Sunday morning we went for a walk and found the place full of military guys. With guns. In fatigues. Standing guard everywhere in town. I had long ago gotten used to seeing armed guards in stores, fast food franchises and in front of banks. But this was something far more than anything I’d ever seen. We decided to tell ourselves that this was some kind of military training exercise as opposed to the idea that the Russians had landed. And we had absolutely no access to the outside world; as far as we knew they could have. We sat outside in a cute little restaurant that overlooked the beach enjoying our inexpensive little breakfast and saw more army guys appear. Then somebody told us the President of Guatemala was visiting today. Sure enough, here came a small group of men with one gray haired dude in the middle. They mingled with the life guards and talked to everyone, then left and gradually the military presence disappeared. Go figure. Nobody seemed to know what he was doing there.

But the best part of the weekend was Saturday night and I missed the whole thing. The travel agency offered a trip to watch the Ridley sea turtles swim ashore at nightfall and lay their eggs. This was the same travel agency that booked us into a hotel where air-conditioning was an additional option. Once the guide cautioned us that he couldn’t “promise” that we would actually see a turtle I counted myself out. I had figured out to read between the lines. I was ready for some peace and quiet (especially now that the room had cooled off) and thought reading a book would be more interesting than wandering around on the beach in the dark looking for turtles that most likely would not show up.

Well, boy, was I wrong.

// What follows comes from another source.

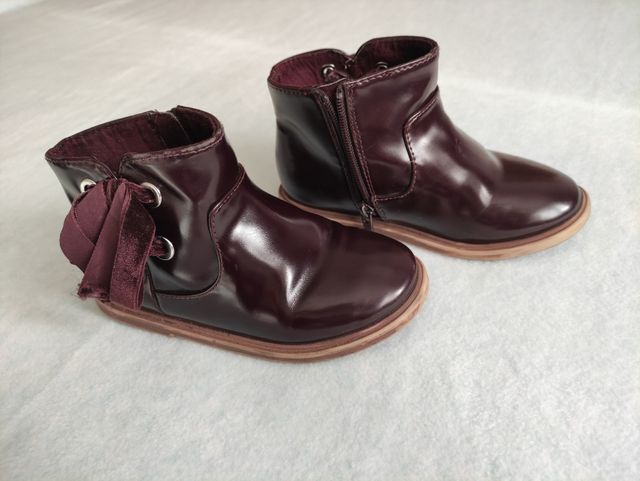 Botas charol mate niña Zara número 24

Beaven came back a couple of hours later and told me they had seen one swim ashore. She wasn’t very far from the water when she started digging a hole and immediately started laying eggs—just like you see on TV.

The part that wasn’t much like TV was the local guy who snatched the eggs out of the nest as soon as she laid them. And here is the delicate part of the story, the tradeoff with the ecotourism industry in poor countries. In some ways the locals who take the eggs help keep the eggs safe, they don't wash out to sea; they incubate the eggs and insure every egg hatches into a healthy turtle. Then they sell the baby turtles to tourists to release back to the sea. Everybody is happy: the local economy gets a boost and the tourist feels good. Except that it can take up to a week between hatching and release, during which time the baby turtles swim in a circle in a tub of sea water. They are exhausted by the time they get released, not the best condition to swim into the ocean when you're just a baby.

Beaven said the mother laid about 20 eggs, all of which were taken away. She covered up what she thought was a clutch of eggs then turned around and walked back to the water and swam off.

That’s about the last story of our trip. We’ll see what the next week brings. We had the grandkids over for the weekend and I am now a Monopoly expert even though I get bored quickly with board games. I finally got out a calculator to figure the Return on Investment for the various properties. I always knew the closer you get to Boardwalk and Park Place, the pricier the property and the higher the rent. But what I never realized is that the cheap properties like Baltic Ave. have only a 3% ROI where Boardwalk’s is closer to 9%. I have got to get a life.